Stating that what they experienced was shocking and embarrassing, she said, ”These people were very harsh and angry. They harassed us while they searched us. They grabbed my genitals and squeezed my breasts very hard several times. They laughed and sang while doing this. They treated the other woman in the group the same way. This was really harassment.”

After a while they were brought to the riverbank and were sent back to Turkey in a boat with other refugees.

After walking for hours in cold and mud in Turkey, a gendarmerie vehicle stopped them. “When we arrived at the gendarmerie station, we asked for blankets or dry clothes since we were totally soaked. ‘Nothing for the FETÖ terrorists!’ they told us,” she said.

FETÖ is a derogatory term coined by the Turkish government to refer to the faith-based Gülen movement as a terrorist organization.

Two men in the group were severely beaten at the station, and later four people except her were detained, she said.

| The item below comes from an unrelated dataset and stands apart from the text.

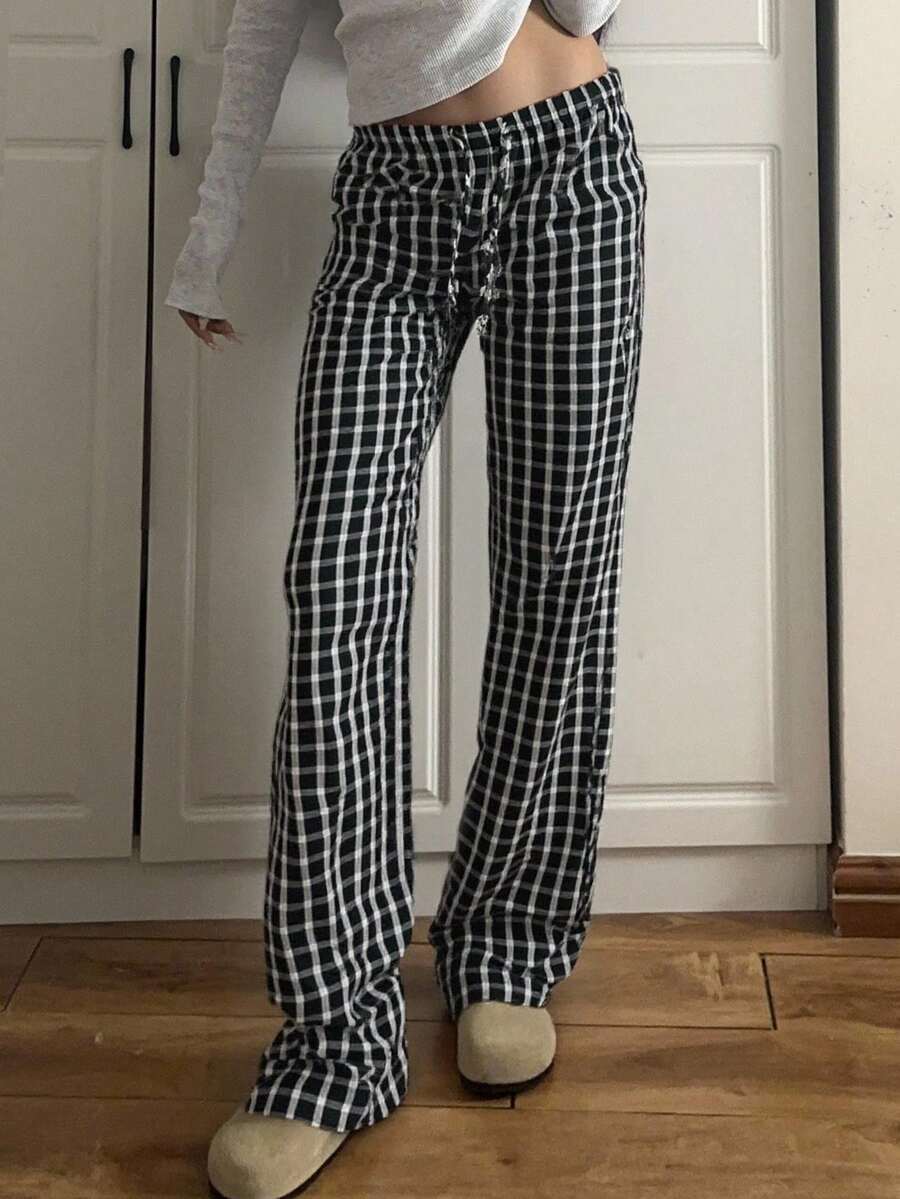 CovetEZ Women's Autumn And Winter Clothing Home Casual Plaid Brushed Black Casual Plaid Drawstring Waist Loose Pants - Black and White - View 1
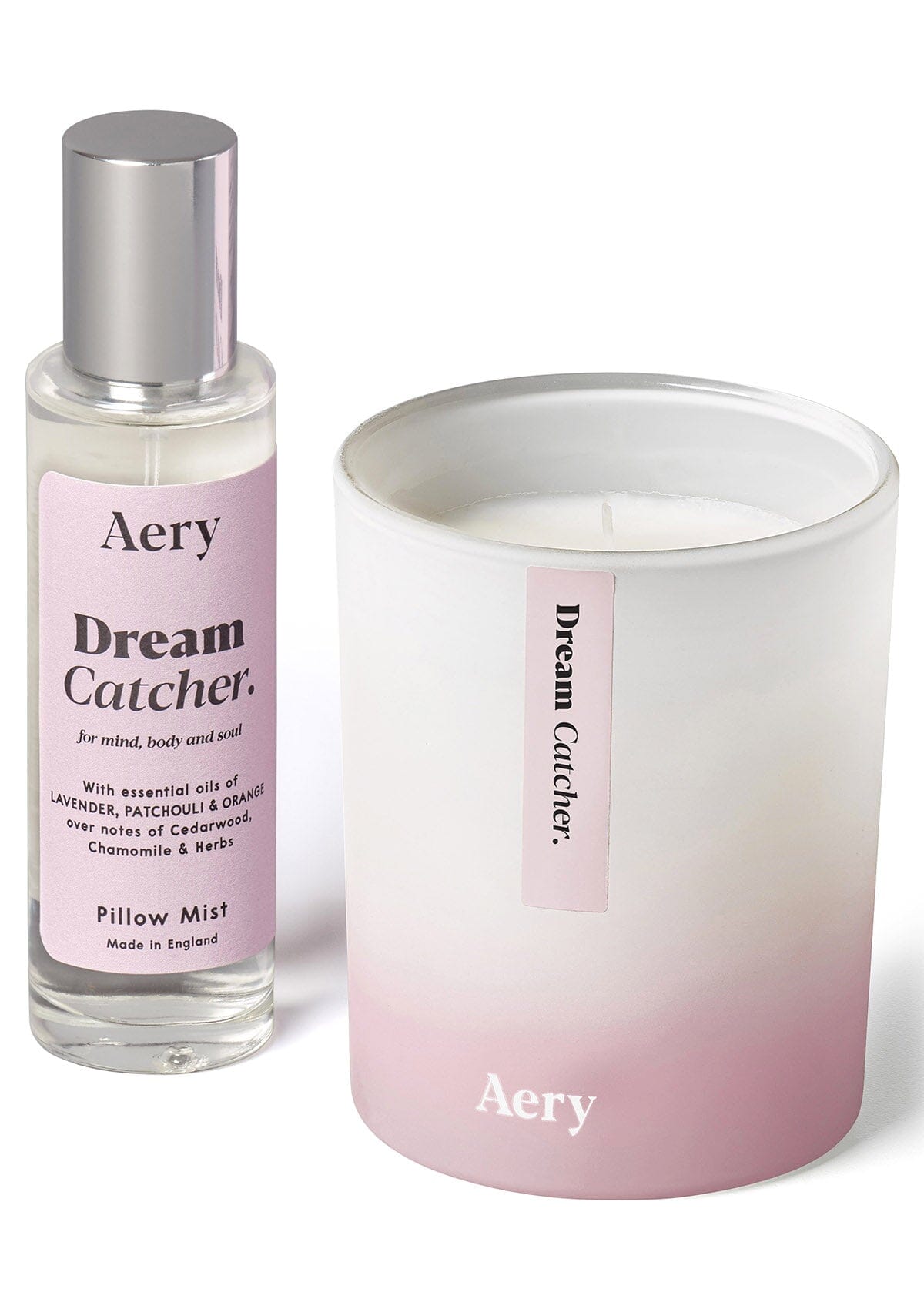 Lilac Dream Catcher candle and pillow mist by Aery displayed on white background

“I was expecting to reunite with my family. But I cannot describe my disappointment over the things we experienced in Greece,” she said.

In a previous interview with the Stockholm Center for Freedom, pushback victims said most people who were pushed back from Greece were arrested and subjected to poor prison conditions, or they have to live in fear until they are arrested again.

The United Nations Refugee Agency, members of the European Parliament and human rights watchdogs have repeatedly demanded that Greek authorities investigate such incidents of pushback.

According to Amnesty International, the practice of migrant pushbacks in Greece has become so bad that even people who have applied for asylum and have been in the country for some time are being picked up and deported.

Refugee and volunteer reports compiled by the Aegean Boat Report show that between January 1, 2017 and September 27, 2022, 1,624 boats with 43,476 people on board were forced back from Greek islands into Turkish waters.

EU Home Affairs Commissioner Ylva Johansson during a visit to Greece in March called on the country to “do more” to investigate the allegations. However, Greek Migration Minister Notis Mitarachi denied Greek authorities’ involvement in any kind of pushback.

All those pushback victims fleeing persecution in Turkey made it to Greece by crossing the land or sea border. They shared their locations with lawyers or family members via messaging apps, or sent pictures and videos of themselves in Greece, in a bid to prove that they had arrived in Greek territory and to avoid being returned to Turkey.